### RECORD EXTRACTS
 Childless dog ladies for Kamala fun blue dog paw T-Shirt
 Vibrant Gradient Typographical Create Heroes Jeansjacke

==

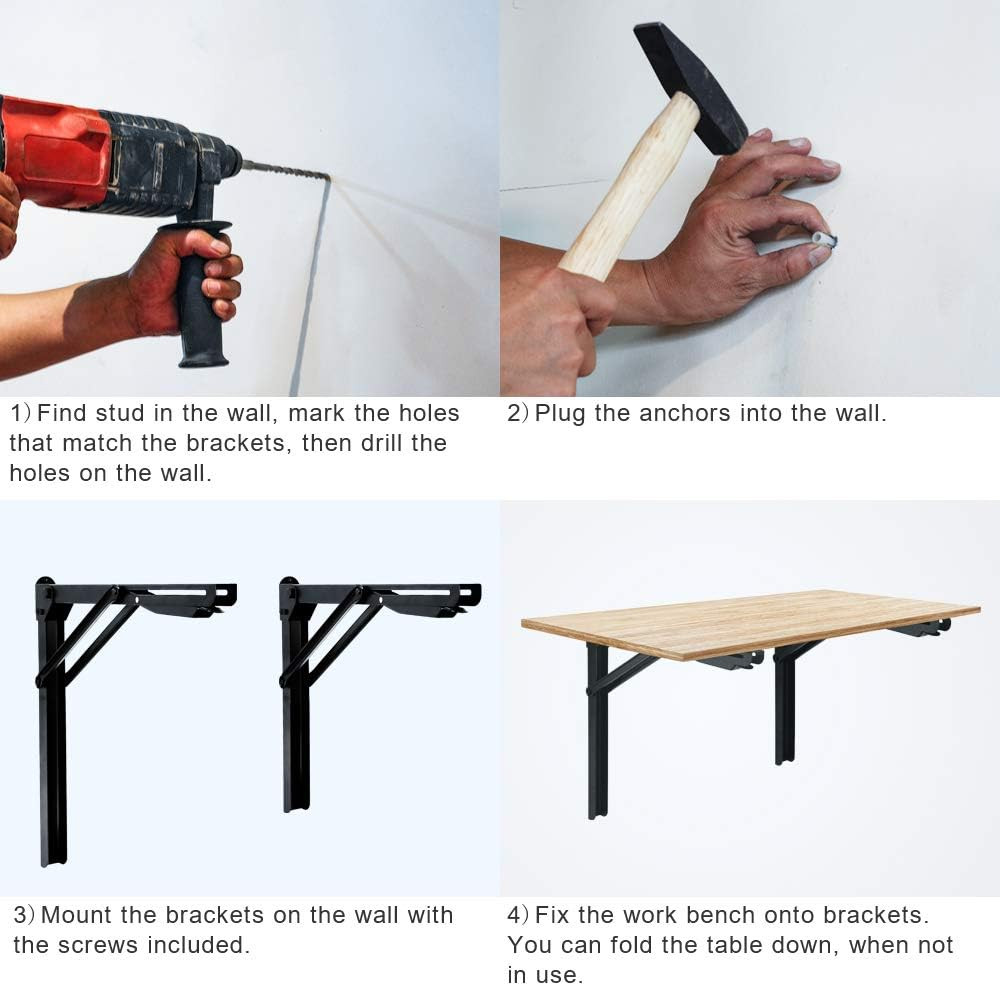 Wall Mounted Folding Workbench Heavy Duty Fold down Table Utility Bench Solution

### EXERCISE DESCRIPTION
Taking the entries above, write out exactly each line from the one holding "Childless dog ladies" to the one holding "Vibrant Gradient Typographical", both included, and stop there.

### EXERCISE OUTPUT
 Childless dog ladies for Kamala fun blue dog paw T-Shirt
 Vibrant Gradient Typographical Create Heroes Jeansjacke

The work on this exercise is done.